Le Monde, vendredi 7 juillet 2000, article en une


Stéphanie Le Bars


CONVOQUÉ à l'épreuve de français du brevet national des collèges, Victor Hugo aurait sans doute rêvé meilleur traitement. Non pas parce que quelques lignes sur Gavroche ont servi de support à la dictée proposée aux élèves de troisième des académies de Paris et d'Ile-de-France : l'hommage de l'éducation nationale aux grands auteurs est classique. Mais parce que les conditions de correction instaurées cette année permettaient de belles entorses à la langue française.

Pour la première fois, les élèves étaient évalués sur douze mots-cibles répartis dans un texte de six lignes. Il leur suffisait donc d'orthographier correctement des mots tels que mais, à, aimait, pitié, orphelins... pour engranger un demi-point par mot. Toute autre faute d'orthographe ne pouvait pénaliser les élèves que de deux points au maximum, l'épreuve étant notée sur six. En poussant le bouchon un peu loin, comme l'a fait le Collectif anti-Allègre, toujours actif sur Internet, un texte écrit phonétiquement pouvait prétendre à un honorable 4 sur 6 (sur 40 points pour l'ensemble des épreuves de français).

Ce score aurait donc pu saluer un caricatural "torchon", fourni par les membres du collectif: "Pour temps il avait un paire est une mer.

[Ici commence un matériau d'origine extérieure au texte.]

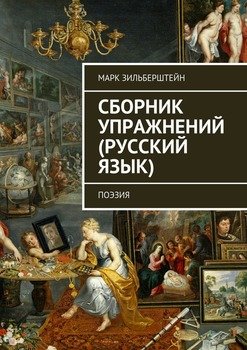 Сборник упражнений . поэзия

Mais son pair ne pensé pas à lui et sa maire ne l'aimait poing. S'étaient un de ses enfants digneux de pitié entre tous ki ont perd et mère ait qui sont orphelins…" Jusqu'en 1999, l'orthographe des collégiens était évaluée sur un texte deux à trois fois plus long et qui, de l'avis général, comportait un niveau de difficulté acceptable. Les changements intervenus "ont tendance à positiver" l'épreuve d'orthographe, "seul exercice où l'on ne peut que perdre des points", rappelle un prof de français.

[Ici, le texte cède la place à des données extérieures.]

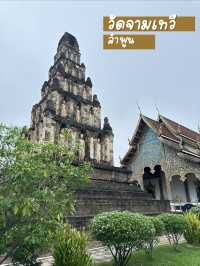 📍วัดจามเทวี อีกหนึ่งสถานที่สำคัญของลำพูน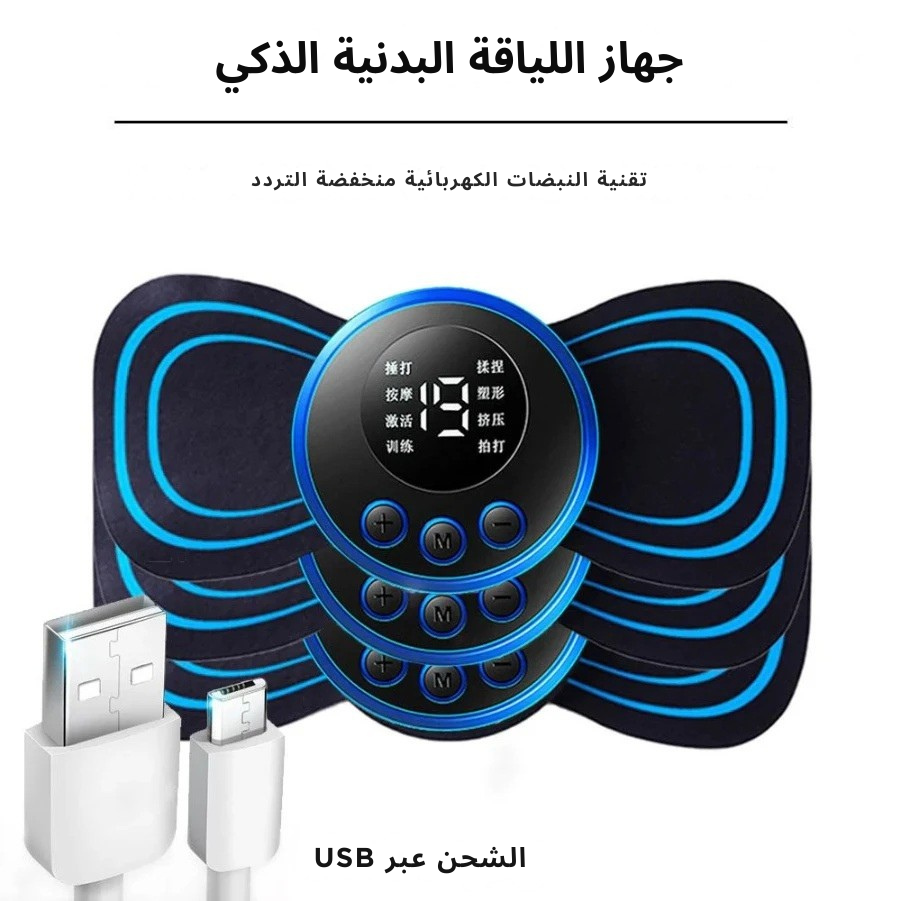 جهاز المساج الصغير - الصورة 9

Une autre partie de l'épreuve de français a fourni aux enseignants un motif d'inquiétude sur le niveau scolaire exigé des collégiens. Il leur était demandé de mettre au présent les verbes d'un texte conjugués à l'imparfait, "un exercice digne de l'école primaire", selon un enseignant de français. "Ces contenus pédagogiques sont stupéfiants pour juger des élèves candidats à l'entrée au lycée", estime un correcteur du brevet, pour qui "la maîtrise de la langue écrite par les élèves décroît, alors on casse le thermomètre". Seule la rédaction sur un sujet imposé a conservé, aux yeux des profs de français, un niveau digne d'une fin de ,planté obligatoire. Mais, là encore, afin de ne pas pénaliser les élèves, deux points maximum peuvent être soustraits à la note finale (sur quinze) lorsque la copie, d'une trentaine de lignes, est truffée de fautes.

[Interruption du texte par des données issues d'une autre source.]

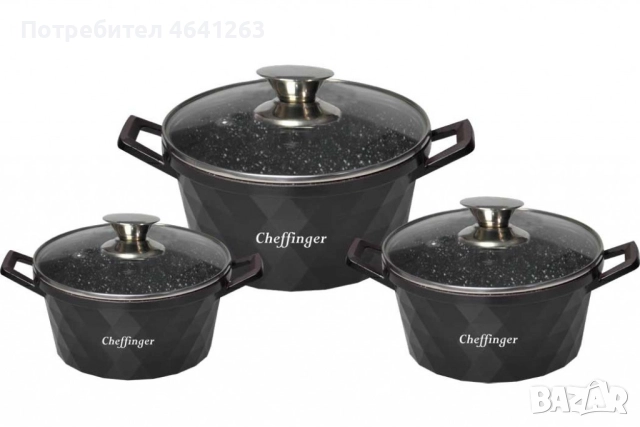 Комплект тенджери, снимка 7 - Форми - 52674414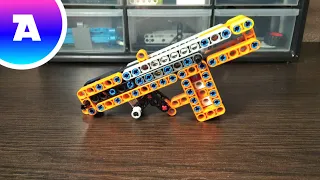 ОЧЕНЬ ПРОСТОЙ ПИСТОЛЕТ ИЗ LEGO TECHNIC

Localement, l'exaspération du corps enseignant a été attisée par les traditionnelles "consignes de tolérance" fournies par certains rectorats pour "maintenir ou améliorer les résultats". En réaction, une soixantaine de profs du Val-d'Oise ont décidé d'attribuer la moyenne à toutes les copies. Réquisitionnés en début de semaine pour recorriger les copies, ils s'y sont pliés, "dans l'intérêt des élèves". L'an dernier, les trois quarts des collégiens ont obtenu leur brevet. Un examen qui ne conditionne en rien la suite de leur parcours scolaire.